→ **What you should do**: Among the entries below, please repeat exactly and only the lines from the line containing "Buy Amouage 100ml" to the line containing "MEHANIZAM RUČICE KOČNICE/MJENJAČA", both lines included.

→ **Dataset records**:

[Start of Attachment]

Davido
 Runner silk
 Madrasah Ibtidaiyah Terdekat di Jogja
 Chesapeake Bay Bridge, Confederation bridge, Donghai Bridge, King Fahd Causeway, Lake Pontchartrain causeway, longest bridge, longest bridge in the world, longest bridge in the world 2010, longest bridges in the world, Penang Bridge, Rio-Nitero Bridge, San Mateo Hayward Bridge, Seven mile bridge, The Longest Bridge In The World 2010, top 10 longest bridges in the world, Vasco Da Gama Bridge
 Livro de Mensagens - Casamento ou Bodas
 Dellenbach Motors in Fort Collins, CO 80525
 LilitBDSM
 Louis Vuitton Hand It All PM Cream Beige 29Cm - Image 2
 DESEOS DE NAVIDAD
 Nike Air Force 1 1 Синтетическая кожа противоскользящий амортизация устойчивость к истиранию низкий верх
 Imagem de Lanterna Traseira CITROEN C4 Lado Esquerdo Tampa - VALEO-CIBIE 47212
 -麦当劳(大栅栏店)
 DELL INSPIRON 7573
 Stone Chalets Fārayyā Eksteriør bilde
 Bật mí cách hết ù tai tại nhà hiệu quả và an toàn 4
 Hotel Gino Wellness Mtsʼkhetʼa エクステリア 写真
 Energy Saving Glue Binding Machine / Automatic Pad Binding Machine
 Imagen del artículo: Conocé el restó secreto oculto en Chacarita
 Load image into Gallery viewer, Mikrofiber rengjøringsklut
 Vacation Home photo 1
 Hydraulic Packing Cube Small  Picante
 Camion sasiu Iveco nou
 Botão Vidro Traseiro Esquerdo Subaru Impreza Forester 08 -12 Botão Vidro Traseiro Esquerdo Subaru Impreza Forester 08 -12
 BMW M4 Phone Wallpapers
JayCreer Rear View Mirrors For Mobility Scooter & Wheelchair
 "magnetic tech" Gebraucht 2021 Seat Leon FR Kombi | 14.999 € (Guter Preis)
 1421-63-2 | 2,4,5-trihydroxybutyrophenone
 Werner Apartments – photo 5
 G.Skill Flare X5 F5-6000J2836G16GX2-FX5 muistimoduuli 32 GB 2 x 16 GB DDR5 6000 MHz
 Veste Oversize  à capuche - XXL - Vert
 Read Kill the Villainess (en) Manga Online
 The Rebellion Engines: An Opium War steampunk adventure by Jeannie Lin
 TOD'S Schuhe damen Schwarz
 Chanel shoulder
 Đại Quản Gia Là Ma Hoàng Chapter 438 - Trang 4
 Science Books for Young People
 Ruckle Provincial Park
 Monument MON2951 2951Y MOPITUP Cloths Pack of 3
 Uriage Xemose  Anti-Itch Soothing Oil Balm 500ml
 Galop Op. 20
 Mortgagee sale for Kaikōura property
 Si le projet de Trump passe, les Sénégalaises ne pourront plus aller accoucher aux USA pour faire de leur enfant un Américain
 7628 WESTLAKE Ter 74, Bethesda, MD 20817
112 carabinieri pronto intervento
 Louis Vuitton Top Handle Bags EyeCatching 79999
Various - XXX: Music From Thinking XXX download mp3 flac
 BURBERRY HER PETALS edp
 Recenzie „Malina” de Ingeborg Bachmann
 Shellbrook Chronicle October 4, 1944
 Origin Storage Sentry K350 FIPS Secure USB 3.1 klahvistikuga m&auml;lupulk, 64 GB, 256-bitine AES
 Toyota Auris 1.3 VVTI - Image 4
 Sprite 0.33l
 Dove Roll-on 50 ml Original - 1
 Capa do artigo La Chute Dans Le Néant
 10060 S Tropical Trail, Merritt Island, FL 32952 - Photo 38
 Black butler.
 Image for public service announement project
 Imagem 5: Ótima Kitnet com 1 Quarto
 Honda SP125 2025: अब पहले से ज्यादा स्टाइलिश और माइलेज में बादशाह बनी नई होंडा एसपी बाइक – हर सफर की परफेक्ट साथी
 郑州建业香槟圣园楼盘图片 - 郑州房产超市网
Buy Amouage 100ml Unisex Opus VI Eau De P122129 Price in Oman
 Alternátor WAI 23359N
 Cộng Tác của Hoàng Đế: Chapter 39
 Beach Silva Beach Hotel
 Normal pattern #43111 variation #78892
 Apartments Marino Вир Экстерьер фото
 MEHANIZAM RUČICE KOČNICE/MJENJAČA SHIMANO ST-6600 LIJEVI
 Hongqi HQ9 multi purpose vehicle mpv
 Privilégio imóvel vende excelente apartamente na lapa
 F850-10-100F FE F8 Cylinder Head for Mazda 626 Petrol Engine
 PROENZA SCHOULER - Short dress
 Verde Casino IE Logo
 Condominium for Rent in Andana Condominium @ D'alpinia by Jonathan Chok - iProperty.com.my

[End of Attachment]

→ **Result for this exercise**:
Buy Amouage 100ml Unisex Opus VI Eau De P122129 Price in Oman
 Alternátor WAI 23359N
 Cộng Tác của Hoàng Đế: Chapter 39
 Beach Silva Beach Hotel
 Normal pattern #43111 variation #78892
 Apartments Marino Вир Экстерьер фото
 MEHANIZAM RUČICE KOČNICE/MJENJAČA SHIMANO ST-6600 LIJEVI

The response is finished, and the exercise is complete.